Loose Leaves

Sadbh was delighted to see poet Michael Longley this week picking up the £10,000 T.S. Eliot prize for poetry in London

Sadbh was delighted to see poet Michael Longley this week picking up the £10,000 T.S. Eliot prize for poetry in London. His latest book, The Weather in Japan, had already won the Hawthornden Prize last year. Longley was not considered the big name favourite by the British press - Derek Walcott, Thom Gunn, Anne Stephenson, and Douglas Dunn being names that were flagged a lot more prominently. But, to borrow the title of the film everyone has been raving about these past few weeks, Longley quietly crept up on the competition like some Crouching Tiger, Hidden Dragon, and collected the laurels. "The thing about Longley is that he has really come into flower in the last 10 years," fellow poet and director of the Irish Writers' Centre, Peter Sirr, told Sadbh. "He's had a really interesting career in that sense. He's now making up for his relative neglect in his life as a poet. Certain poets get better as they get older - like Yeats. And they're the luckiest poets of all."

Those young critics are at it again. Following the New Voices in Irish Criticism conferences in Dublin and Belfast, this year's event takes place next weekend at NUI, Galway. Sadbh found both previous conferences very lively, and this year's could be even more so, as a number of established critics, such as Kevin Barry, Gearoid O Tuathaigh and Terence Brown, will take part in a panel discussion on Saturday night exploring the directions current Irish criticism is taking. By widening the scope to papers on international topics, this year's organisers hope to challenge the boundaries of Irish Studies and encourage interdisciplinary debate. Papers include: "Native voices; Irish language speaking characters in Thomas Keneally's The Great Shame and Christopher Koch's Out of Ireland", by Dymphna Lonergan of Flinders University of South Australia; "Ethnicity and history: the Irish traveller in Irish writing", by Mary Burke of Queen's University Belfast; "There are no children here: dead babies in Northern Irish drama", by Neelum Wadhwani of the University of Texas, Austin; and "Celluloid cityscapes: filming urban Ireland", by Katie Moylan of NUI, Galway.

Proceedings start on Friday at 4 p.m. and the venue is the Siobhan McKenna Theatre in the Arts Millennium Building. Details from Karen Vandevelde at the English Department, NUI, Galway.

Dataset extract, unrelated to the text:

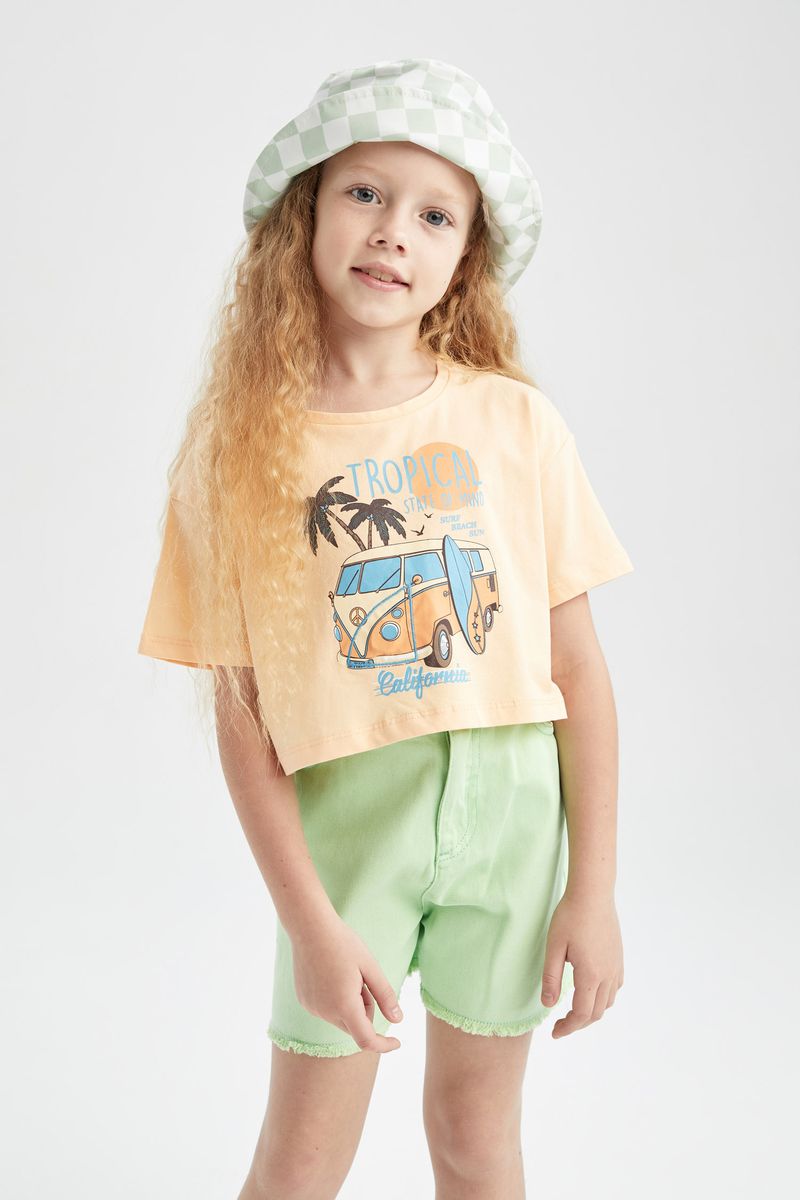 Girl Mom Fit Woven Short - Green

One of the next major prizes looming on the horizon is the Christopher Ewart-Biggs Literary Prize, worth £5,000, which was inaugurated to commemorate the British ambassador who was killed by the IRA 25 years ago. This year's winner will be announced on February 23rd. The shortlist is: Marianne Elliott - The Catholics of Ulster: a History; Stephen Howe - Ireland and Empire: Colonial Legacies in Irish History and Culture; Alvin Jackson - Ireland 1798-1998: Politics and War; David McKittrick, Seamus Kelters, Brian Feeney and Chris Thornton - Lost Lives: the Stories of the Men, Women and Children who Died as a Result of the Northern Ireland Troubles; Marc Mulholland - Northern Ireland at the Crossroads: Ulster Unionism in the O'Neill Years 1960-9; and Adrian Rice - The Mason's Tongue.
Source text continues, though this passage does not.